Shrewth! A shrewd discovery

A stowaway shrew caught trying to eschew Australia’s biosecurity laws was tamed by shrewd airport and biosecurity staff at Perth’s International Airport earlier this month.

The wayward mole-like mammal was discovered in the rear hold of a flight from Denpasar, Indonesia, by baggage handlers, who promptly alerted biosecurity staff.

Head of biosecurity operations at the Department of Agriculture and Water Resources, Nico Padovan, said that exotic stowaway animals could bring unwanted diseases to Australia.

“We work closely with front-line airport staff and baggage handlers to identify and report biosecurity threats, such as stowaway animals, so we can deal with the risk before it becomes a serious problem,” Mr Padovan said.

“With the rise of commercial air travel comes an increased risk of new pests and diseases finding their way into Australia.

“They may appear harmless, but shrews can carry exotic viruses similar to those that cause Middle East Respiratory Syndrome. They can also carry ticks harbouring diseases present in South East Asia like scrub typhus and spotted fever.

“Not only that, but shrews could harm Australia’s unique wildlife—they’re active animals that have adapted to live in agricultural areas, villages, towns and cities in Southeast Asia and spread widely outside their native range.

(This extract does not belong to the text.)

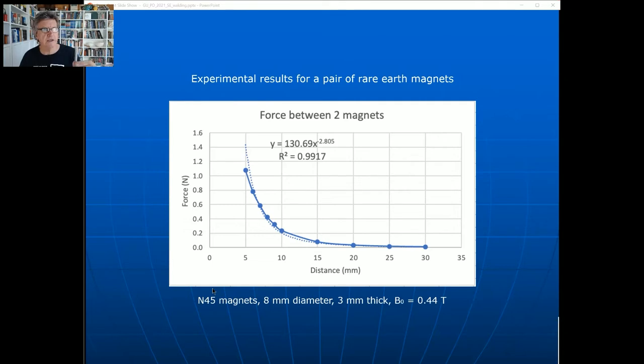That's using these N45 magnets - the rare earth magnets. You can get those from just about anywhere; Bunnings if you need them in a hurry. They're 8 mm diameter, 3 mm thick, and they have a surface magnetization of about 0.44 tesla - I'll call that B₀, the value of the magnetic field at the surface of the magnet. The problem is that if you look on the internet, some say the force between magnets is inverse cubed, others say inverse squared, and I've seen one that says inverse to the power of four. Students ask: which one is the accepted value?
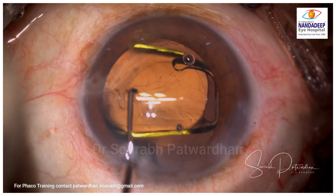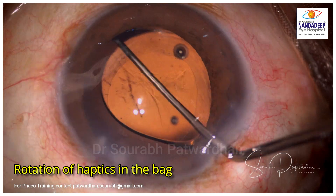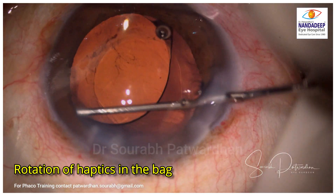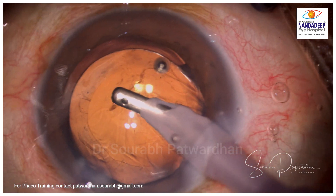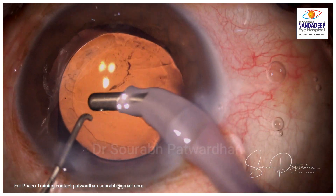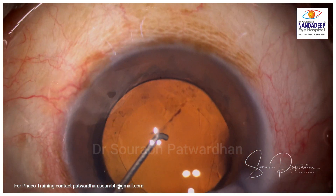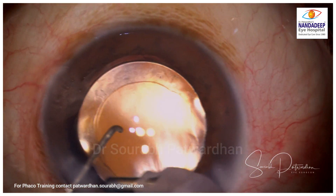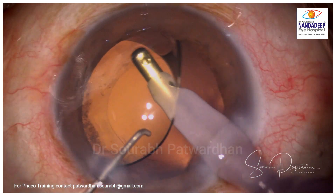Once I put the IOL in the bag, I rotate it, because the haptics will also clear off some of the cortical matter residing in the equator of the bag in the far periphery that is not visible and may be stuck. This movement of the haptics against the equator of the bag is quite useful to release cortex, and you many times find that more cortex comes off once you dial the IOL. You can dial it two or three times if you suspect cortical remnants. Then we go under the IOL and remove all the viscoelastic — you may find more chunks following — and remove them.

“Unfortunately, as live stowaway animals have a health status that is unknown to biosecurity staff, this shrew had to be humanely euthanised by a qualified veterinarian.

“We’re very lucky to be one of the few countries in the world to remain free from many of the world’s most severe pests and diseases.

“Our biosecurity system is designed to maintain this status by focusing surveillance and detection capabilities on the variety of pathways through which diseases could enter the country.

“Through a combination of offshore, at the border and onshore measures, we are able to minimise the risk of exotic pests and diseases entering the country and affecting our unique environment, native flora and fauna, our export and tourism industries and our lifestyles.”